I think one of the best compliments you can offer a story is that you want to experience it again. Saying “I’d see that again” or “I’ll read that a second time” nicely expresses one’s enjoyment of a film, novel, or comic book, iterating the fact that it was good enough to return to. You wish to indulge in that particular world, cheer on those particular characters, a second, third, or fourth time around. Kingdom Come is such a story. Part of this is due to Ross’ stunning visuals – he creates a world you sink into and examine, panels where you catch more detail the next time you read. But Waid’s compelling script is not to be denied. Though imperfect, the author’s words weave a tale of wonder and beauty as the heroes of old navigate a new world and a doubting preacher reexamines matters of faith.
A slight bittersweetness permeates the pages. Norman McCay may revisit his crumbling faith in metahumans, but his faith in an Almighty God is not addressed. You get the sense that, when he returns to the pulpit, he’ll be more inclined to praise Superman over Jesus. Parallels between the Nazarene and the Kryptonian certainly exist. Early in the story, Ross first depicts Superman in the somewhat-subtle guise of a carpenter bearing a load of wood. Yet, for all the religious imagery, Kingdom Come lacks a distinction between the heroic Kryptonian and our Savior. Granted, if Waid and Ross didn’t believe in such a Savior, it makes sense they wouldn’t include or refer to Him. That I understand and don’t spite them for it. Nevertheless, Norman’s journey is one to keep in mind as we reflect on our own faith. Again, the sentiment is nice – wouldn’t it be wonderful to have an invincible Superman to rely on in times of great need? But if Norman were to step from his Alex Ross-illustrated world into our God-molded universe, he’d discover no such hero exists.
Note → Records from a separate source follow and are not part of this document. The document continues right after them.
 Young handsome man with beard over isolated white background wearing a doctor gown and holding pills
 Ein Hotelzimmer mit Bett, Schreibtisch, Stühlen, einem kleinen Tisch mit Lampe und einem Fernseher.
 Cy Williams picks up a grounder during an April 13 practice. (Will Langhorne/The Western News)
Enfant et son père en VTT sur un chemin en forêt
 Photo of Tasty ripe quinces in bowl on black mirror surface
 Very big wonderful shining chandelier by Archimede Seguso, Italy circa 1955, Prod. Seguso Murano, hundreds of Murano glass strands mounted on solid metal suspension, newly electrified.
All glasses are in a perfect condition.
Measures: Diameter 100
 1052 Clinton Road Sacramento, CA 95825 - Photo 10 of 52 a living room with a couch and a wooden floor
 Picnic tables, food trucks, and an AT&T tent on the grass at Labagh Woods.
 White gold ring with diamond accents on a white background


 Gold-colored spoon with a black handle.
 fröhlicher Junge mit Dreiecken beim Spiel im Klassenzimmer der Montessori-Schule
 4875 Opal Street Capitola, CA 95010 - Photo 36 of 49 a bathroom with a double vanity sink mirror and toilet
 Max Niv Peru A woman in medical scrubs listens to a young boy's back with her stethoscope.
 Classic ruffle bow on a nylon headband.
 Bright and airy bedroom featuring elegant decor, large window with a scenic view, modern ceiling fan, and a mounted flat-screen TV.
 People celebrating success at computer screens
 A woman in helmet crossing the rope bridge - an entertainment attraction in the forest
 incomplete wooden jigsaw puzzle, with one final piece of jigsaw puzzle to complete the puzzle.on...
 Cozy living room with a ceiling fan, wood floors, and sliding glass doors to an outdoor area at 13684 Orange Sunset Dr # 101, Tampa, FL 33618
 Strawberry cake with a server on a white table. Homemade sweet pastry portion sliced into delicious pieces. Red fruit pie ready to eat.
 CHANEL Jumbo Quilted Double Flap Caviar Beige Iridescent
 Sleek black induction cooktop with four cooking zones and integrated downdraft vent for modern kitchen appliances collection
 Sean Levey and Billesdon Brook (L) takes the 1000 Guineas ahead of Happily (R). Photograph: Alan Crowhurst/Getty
Or, to be more accurate, such a hero does exist… He just doesn’t wear tights.
+ Gorgeous, detailed world filled with vibrant characters
+ Several wonderful "show, don't tell" moments
+ Thoughtful look into alternate DC Universe
- Not wholly accurate theological viewpoint
- Weak characterization across collective cast
The Bottom Line
Waid and Ross' stunning narrative is lifted by an impressive script and dazzling visuals, an experience tempered only slightly by its inaccurate theological worldview.